Dois dias após as eleições de domingo, quando o candidato libertário Javier Milei foi eleito, ainda há ruídos sobre a relação com o Brasil, principalmente por conta das declarações do futuro presidente no período de campanha. Na ocasião, dirigiu ofensas pessoais ao presidente Lula, enquanto sua nova chanceler, em nota publicada no jornal La Nación, disse que vai mudar a relação com o Brasil e com a China.
No entanto, não é hora de esticar a corda, sobretudo por ainda haver muito a ser discutido antes da posse. Milei tem demandas internas a serem resolvidas, como a formação de sua equipe e a transição com o atual governo. As imagens do encontro com o presidente Alberto Fernández foram motivo de avaliação de especialistas gestuais, já que não houve comunicado conjunto. Foi unânime a constatação de tensão.

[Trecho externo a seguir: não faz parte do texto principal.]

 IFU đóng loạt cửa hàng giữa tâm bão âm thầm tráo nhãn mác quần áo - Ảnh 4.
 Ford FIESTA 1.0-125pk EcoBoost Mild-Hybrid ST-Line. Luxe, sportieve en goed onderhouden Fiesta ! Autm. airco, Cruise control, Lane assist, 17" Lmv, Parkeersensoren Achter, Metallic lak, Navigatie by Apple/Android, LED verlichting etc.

Ao fim e ao cabo, embora a posse vá ocorrer já no dia 10 de dezembro, é prematuro estabelecer impasse nas relações entre os dois países, os principais parceiros econômicos da América do Sul – algo que vai além do jogo político. O presidente Lula disse que não precisa gostar do presidente argentino e nem ser admirado por ele, mas foi enfático em enumerar a relação de dois país que vão ficar no mesmo lugar e têm forte ligação econômica e afetiva. O fato de Milei ter convidado o ex-presidente Jair Bolsonaro não deveria causar surpresas, embora seja um fator a mais para uma possível ausência de Lula na posse. Apenas isso, bastando lembrar que Bolsonaro também não compareceu à posse de Fernández.

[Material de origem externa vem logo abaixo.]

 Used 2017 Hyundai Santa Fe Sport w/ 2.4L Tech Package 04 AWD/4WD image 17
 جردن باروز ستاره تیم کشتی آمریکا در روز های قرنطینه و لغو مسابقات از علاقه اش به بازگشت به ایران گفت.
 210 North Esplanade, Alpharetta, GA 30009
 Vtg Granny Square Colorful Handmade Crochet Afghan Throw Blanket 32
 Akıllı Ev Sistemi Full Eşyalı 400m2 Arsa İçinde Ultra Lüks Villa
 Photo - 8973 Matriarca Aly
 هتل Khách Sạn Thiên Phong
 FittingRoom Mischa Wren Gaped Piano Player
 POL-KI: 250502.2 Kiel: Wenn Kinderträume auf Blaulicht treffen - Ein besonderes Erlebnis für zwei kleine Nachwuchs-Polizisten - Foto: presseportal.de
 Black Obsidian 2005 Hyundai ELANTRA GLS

A América do Sul, especialmente, carece de discussões mais intensas sobre suas interrelações, sobretudo por estar apartada das principais decisões internacionais. O jogo paroquial que se desenvolve no Cone Sul apenas afasta investidores que não se sentem seguros em atuar na região.
Por isso, aguçar ainda mais o distanciamento, como esforçam alguns setores, é um jogo de perde-perde, já que não há qualquer dado positivo numa relação tensa entre as duas principais economias da região. Diferenças ideológicas não podem barrar avanços econômicos entre os dois países, sobretudo quando ambos os lados já têm problemas suficientes a serem resolvidos.
No lado brasileiro, a agenda no Congresso está repleta de demandas, a começar pela reforma tributária, que tem o viés de prioridade. Na Argentina, a interminável crise econômica deve ser o foco principal do novo governo, sobretudo por conta da ansiedade da população por dias melhores. Um país que já foi um dos mais ricos do mundo vive um ciclo interminável de crise, que, a despeito de todos os discursos e governos alternados entre a direita (Maurício Macri) e a esquerda (Fernández) ainda não foi debelado.